I believe this is far more prevalent in the Northeast and Great Lakes region, where there are still sizable neighborhoods, if not entire cities and towns, dominated by people with roots in one or two “old countries”. When I lived in the Southwest and Texas, the breakdown was basically “Mexicans”, “Americans”, and “miscellaneous recent immigrants from Asia and the Middle East”. Generally, Mexican immigrants and those of Mexican descent were the only ones that made a big deal about their ethnicity. In the Great Lakes region, it’s much more granular, and there’s far more chest puffery about one’s ethnic origins.
Anyhow, around here, it’s the “Big Three” ethnic groups that tend to have the strongest self-identification with an ethnic group: Polish, Italian and Irish. Those with roots in other countries really don’t do the “Yo, I’m [group]” thing even a tenth as much as Poles, Italians or Irish. It’s impossible to find a “Buffalo German” t-shirt, even though they’re really just as numerous as the Poles, Italians or Irish.
For that matter, when did we stop being Africans? If we follow prevailing scientific evidence, we all left there at some point, some more recently than others, and are all, in a sense, African-whatevers.
Since everybody in my lineage that I know anything about firsthand was born in the USA, I contend that my awareness of any other setting is pure hearsay. I’m much more comfortable with the idea that I’m a blend of Alabamian and Tennessean than I am with any foreign country’s influences. My curiosity over which European land my forebears migrated from is just that, a curiosity. I feel no real connections there. I do feel a connection to Alabama and Tennessee, though.
The reason I relate to those states more than the rest of the USA is that that’s where my experiences have been.
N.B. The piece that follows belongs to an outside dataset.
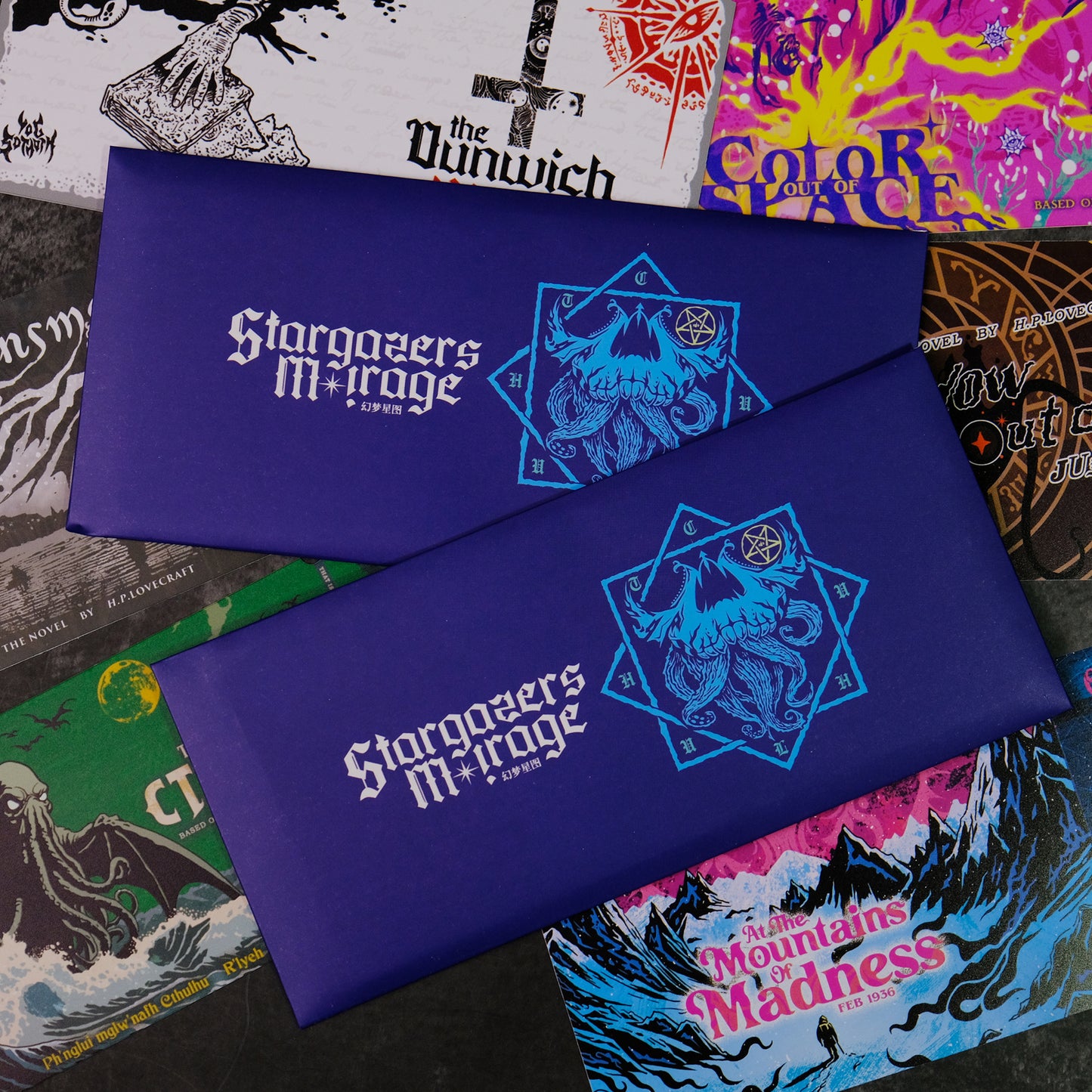 Stargazers Mirage Cthulhu Mythos PVC Ticket Bookmarks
I feel less affinity for other parts of the country out of pure ignorance about why they are different, where they are. I feel more Southern than American.
I think it is the point that you self-identify as an American, decide to raise your children as Americans, and decide your future is here instead of there. This might take a couple of weeks, it might take a couple of generations.
I think you experience may be a bit atypical. In California, most people I know beyond the second generation strongly identified as Americans and had at most a symbolic bond with any homeland.
America is a pretty exceptional place, because you can do that. I could live in China for decades and never be considered Chinese. But all you have to do to become American is move there and decide you believe in the place.
Since I like clean and tidy answers I’ll say as soon as you obtain citizenship. I’ll consider myself American hopefully next year some time when I apply and hopefully receive American citizenship.
That said I do understand you are talking a little less legal and a little more cultural here. Personally I think if you were born in the United States, or spent your young formative years here you are more American than you realize. Sure, you may still keep the old traditions alive but I bet this person if magically transported to a random spot in the originated country or the United States would be better off in the United States - the customs, attitudes, social structures, etc would be more familiar.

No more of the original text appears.